Bei den Rossoneri kommt er nicht zurecht, wird zunächst an Empoli verliehen und Ende 1997 an Perugia verkauft. Dort stabilisiert er sich zwar wieder etwas, doch die Probleme abseits des Platzes werden immer größer. Ehe Pagotto Anfang 2000 wegen Dopings gesperrt wird und sehr lange überhaupt kein Pflichtspiel mehr absolviert. "Meine ehemaligen Mannschaftskameraden waren keine Freunde mehr. Ich verbrachte zwei Jahre in Ligurien bei meiner Mutter in dem Hotel, das wir eröffnet hatten", blickt Pagotto zurück.

Angelo Pagotto: "Es gab Tage, an denen ich nicht aus dem Bett kam"

Er gerät mehr und mehr auf die schiefe Bahn, der Halt des Fußballs fehlt: "Es gab Tage, an denen ich nicht aus dem Bett kam, im Wechsel mit Nächten in der Disco." Pagotto bekommt Depressionen, lässt sich behandeln. Im Oktober 2001 gelingt es ihm, noch einmal im Profifußball Fuß zu fassen und mit Drittligist Triestina schafft er sogar den Sprung in die Serie B. Doch die Vergangenheit holt ihn ein, im Klub herrscht ihm gegenüber Skepsis: "Alle waren wütend auf mich, der Präsident von Triestina warf mir Spielmanipulation vor.

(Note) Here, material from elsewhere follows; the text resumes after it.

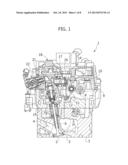 INTERNAL-COMBUSTION ENGINE WITH CYLINDERS THAT CAN BE DEACTIVATED, IN     WHICH THE DEACTIVATED CYLINDERS ARE USED AS PUMPS FOR RECIRCULATING THE     EXHAUST GASES INTO THE ACTIVE CYLINDERS, AND METHOD FOR CONTROLLING SAID     ENGINE diagram and image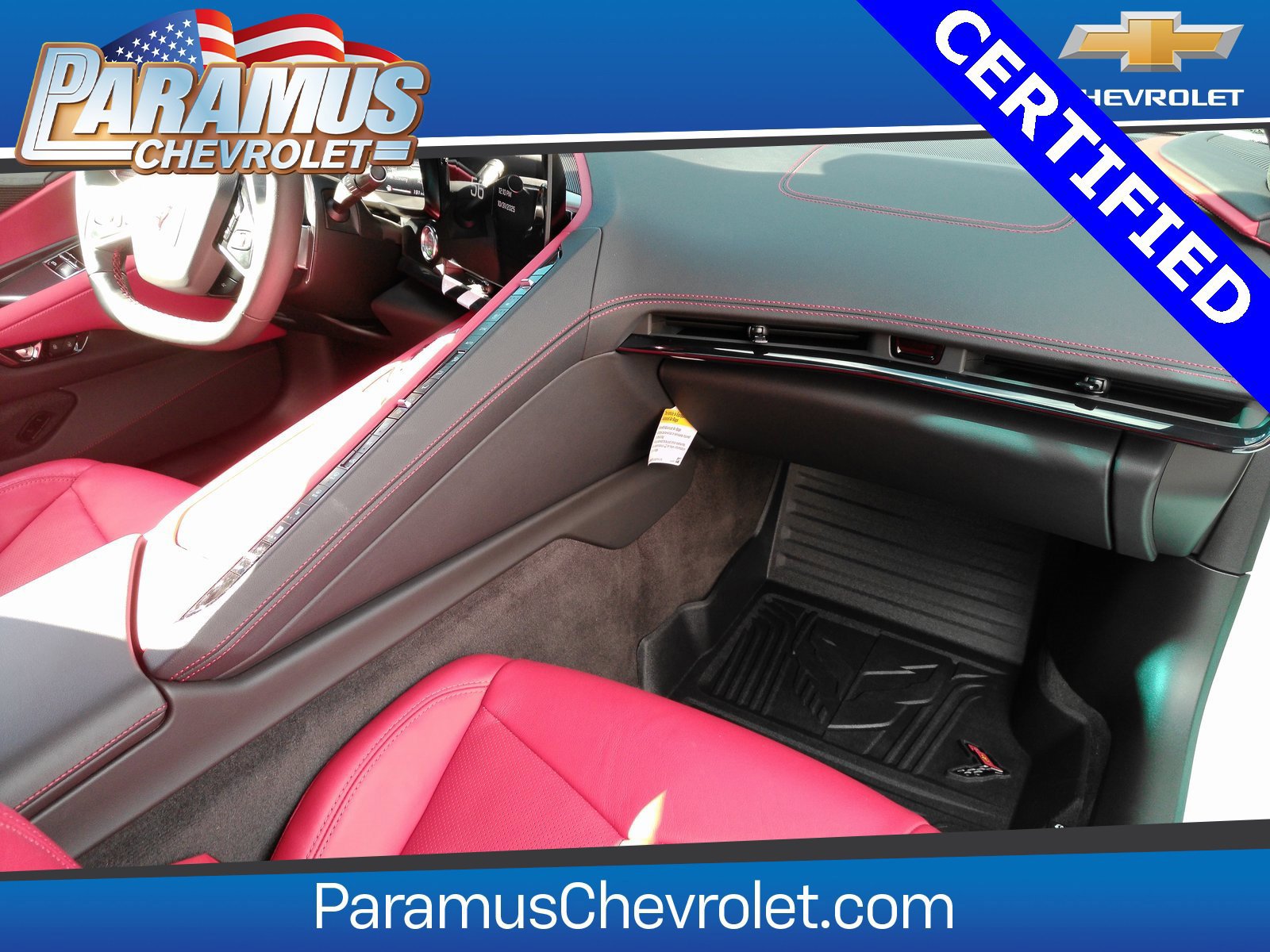 Certified 2024 Chevrolet Corvette Stingray Preferred Cpe w/ Z51 Performance Package image 13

Ich denunzierte ihn und ging, obwohl ich die Meisterschaft gewonnen hatte. Und dann begannen die wahren Probleme."

Zwar ist er nach seinem Aus bei Triestina auch bei Arezzo noch einmal ein solider Dritt- und Zweitligatorhüter, doch die Erfüllung gibt ihm der Fußball nicht mehr. "Ich hatte kein Adrenalin mehr auf dem Platz und suchte es im Kokain. Ich begann, in schlechter Gesellschaft herumzuhängen. Sie gab mir das Gefühl, ein Held zu sein", so Pagotto.

2007, inzwischen bei Crotone unter Vertrag, wird der seinerzeit 33-jährige Pagotto wegen Kokainmissbrauchs für acht Jahre gesperrt. Die Karriere, die nach jenem 31. Mai 1996 so hoffnungsvoll erschien, ist endgültig vorbei. Und Pagotto kann wegen des neuerlichen Skandals in Italien kein ruhiges Leben mehr führen. "Ich bin nach Deutschland gegangen, war Pizzabäcker und habe alles gekocht", sagt Pagotto. "Einige Italiener haben mich erkannt, aber mit dieser Arbeitskleidung war es schwierig."

Mittlerweile scheint der heute 48-Jährige mit dem Fußball aber seinen Frieden gefunden zu haben. Bei US Avellino, dem Drittligisten aus seiner Heimatstadt im Süden Italiens, arbeitet Pagotto seit 2019 als Torwart-Trainer. Genug zu erzählen hat er seinen Jungs ganz bestimmt.